**WORK TASK**
Among the records below, find the line with "Cowboys in Black and White Photograph" and the line with "Coque de charge". Set down both and every line between, exactly and with no pictures, but nothing else.

**DATASET CONTENT**
——

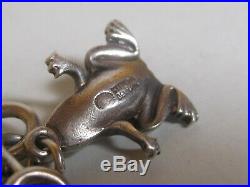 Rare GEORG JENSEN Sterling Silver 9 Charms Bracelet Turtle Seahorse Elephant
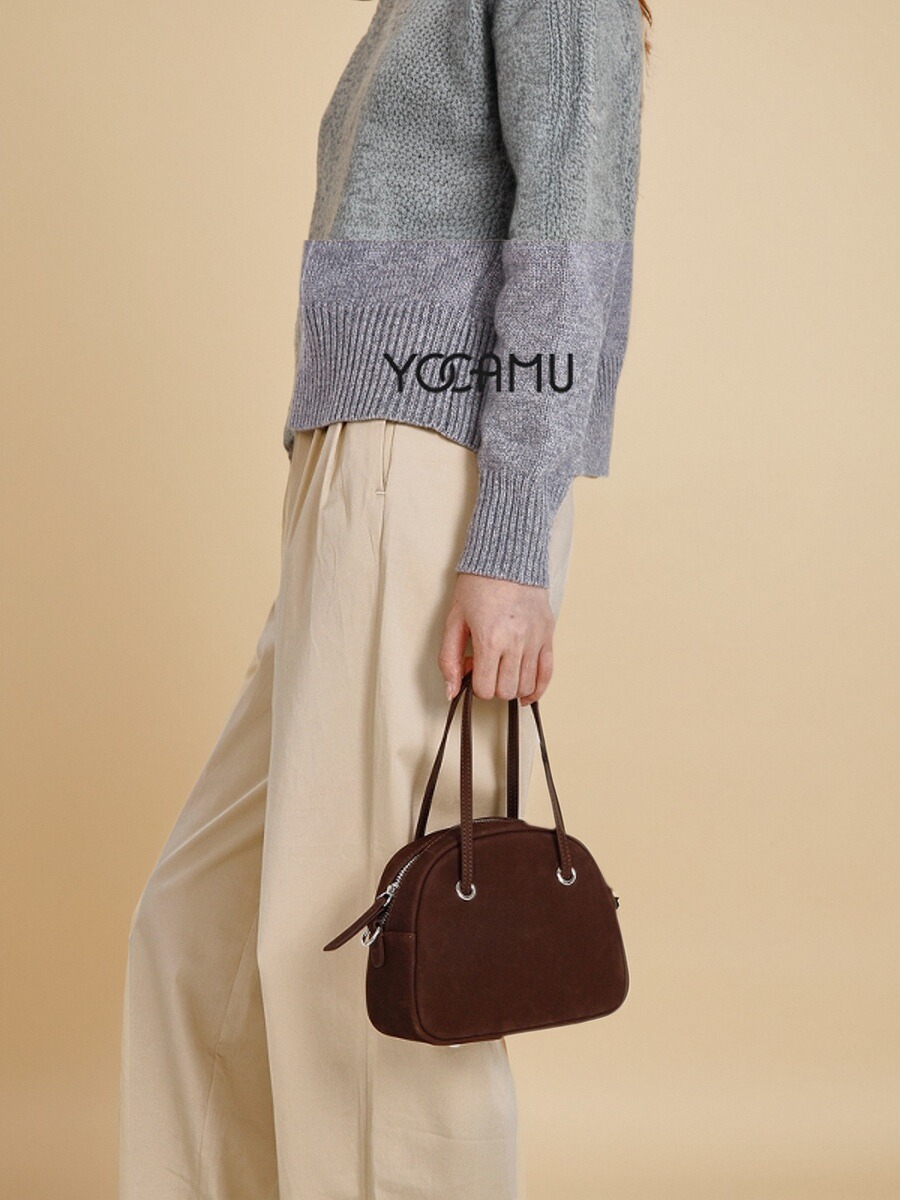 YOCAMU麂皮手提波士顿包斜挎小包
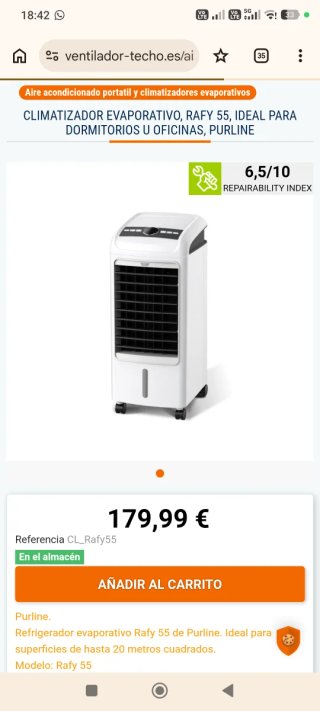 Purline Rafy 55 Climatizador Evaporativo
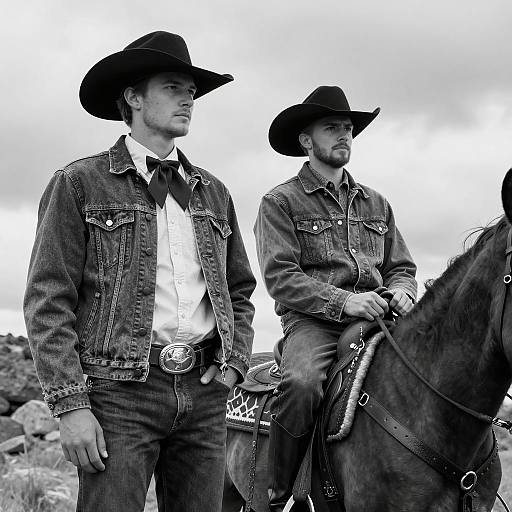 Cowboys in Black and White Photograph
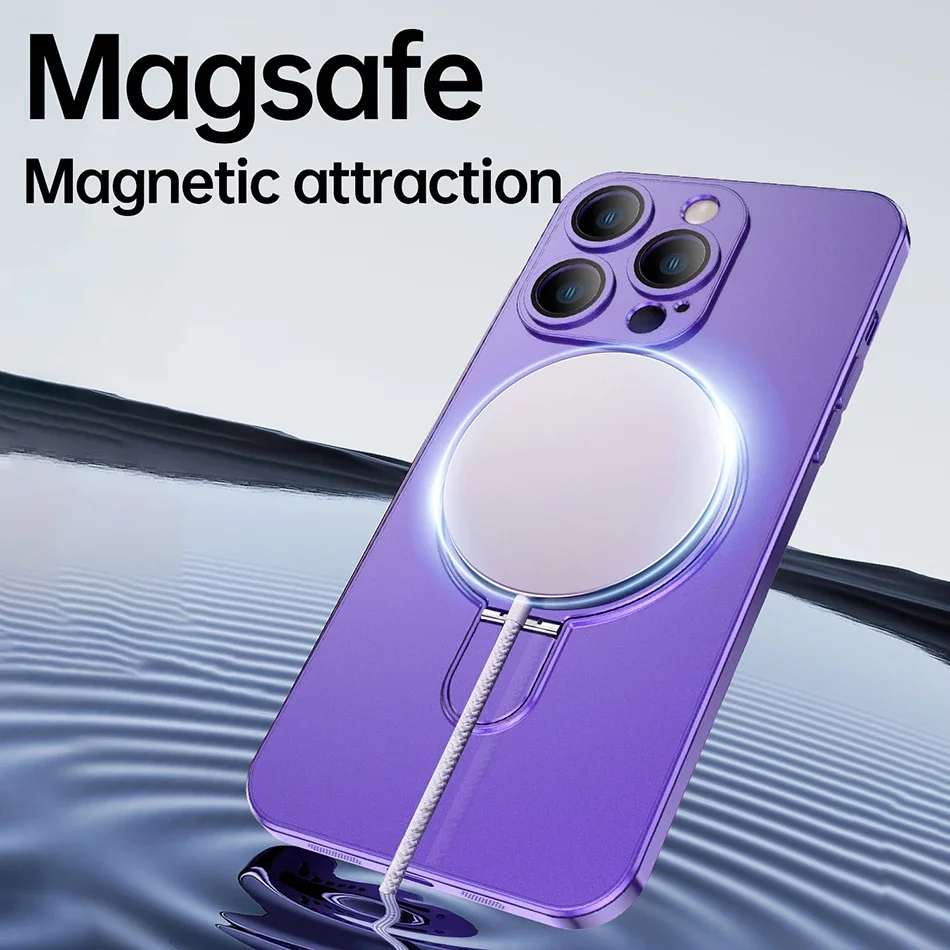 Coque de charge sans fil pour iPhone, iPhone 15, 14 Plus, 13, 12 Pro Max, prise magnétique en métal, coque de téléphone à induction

——

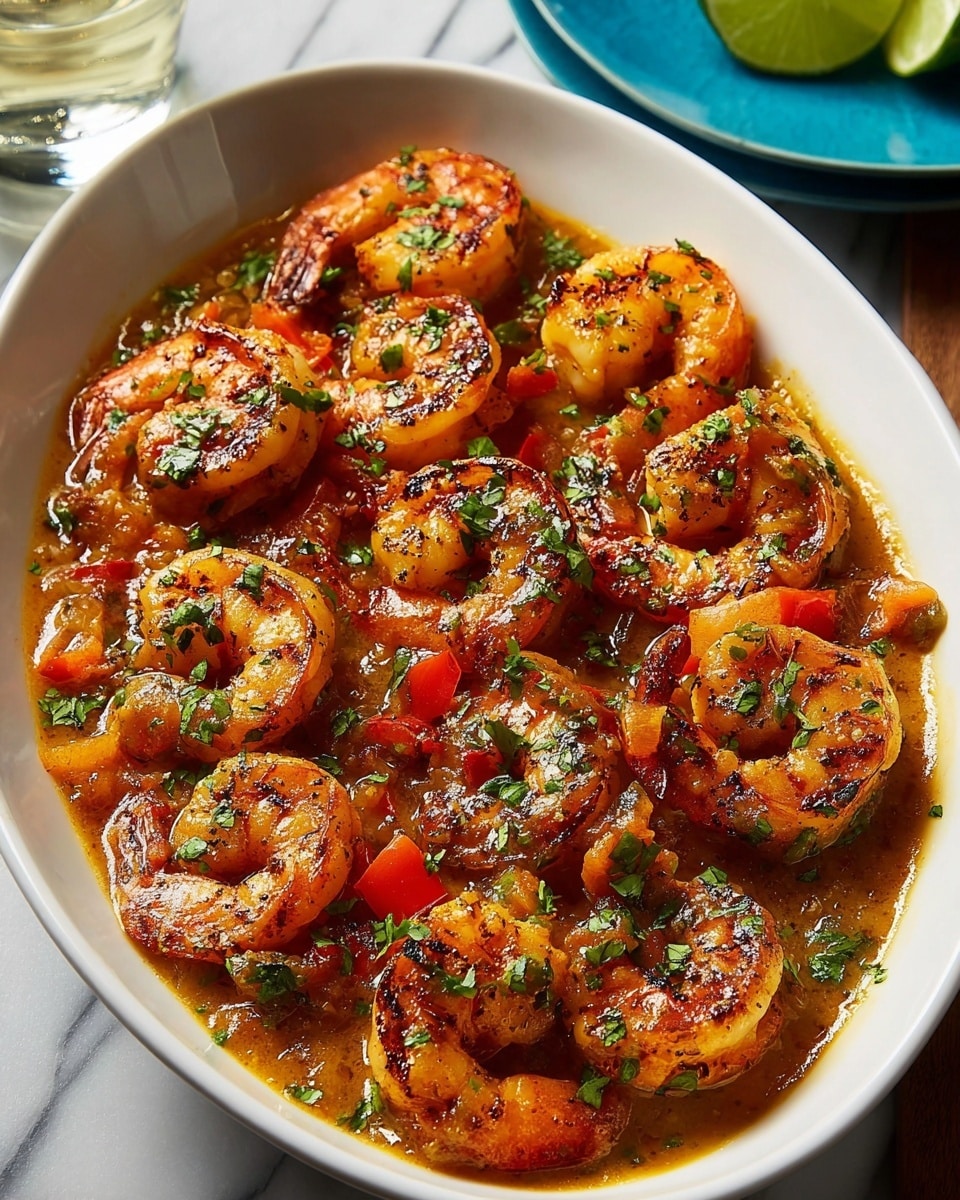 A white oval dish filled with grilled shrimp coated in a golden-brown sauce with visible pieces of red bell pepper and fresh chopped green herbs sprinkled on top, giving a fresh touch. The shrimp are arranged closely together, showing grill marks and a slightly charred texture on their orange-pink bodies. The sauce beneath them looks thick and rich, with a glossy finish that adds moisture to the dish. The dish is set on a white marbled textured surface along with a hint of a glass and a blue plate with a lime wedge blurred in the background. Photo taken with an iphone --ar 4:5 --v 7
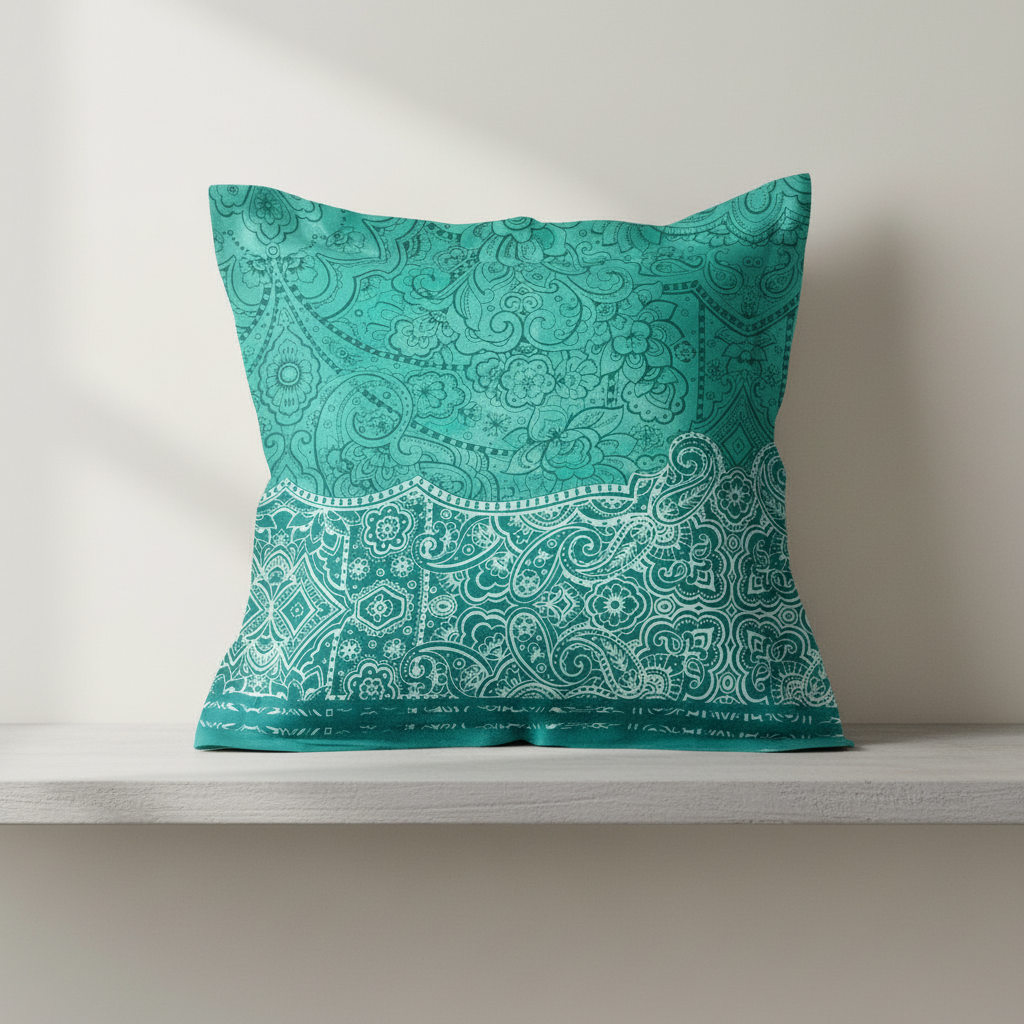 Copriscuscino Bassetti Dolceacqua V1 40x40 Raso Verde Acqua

——

**EXPECTED ANSWER**
 Cowboys in Black and White Photograph
 Coque de charge sans fil pour iPhone, iPhone 15, 14 Plus, 13, 12 Pro Max, prise magnétique en métal, coque de téléphone à induction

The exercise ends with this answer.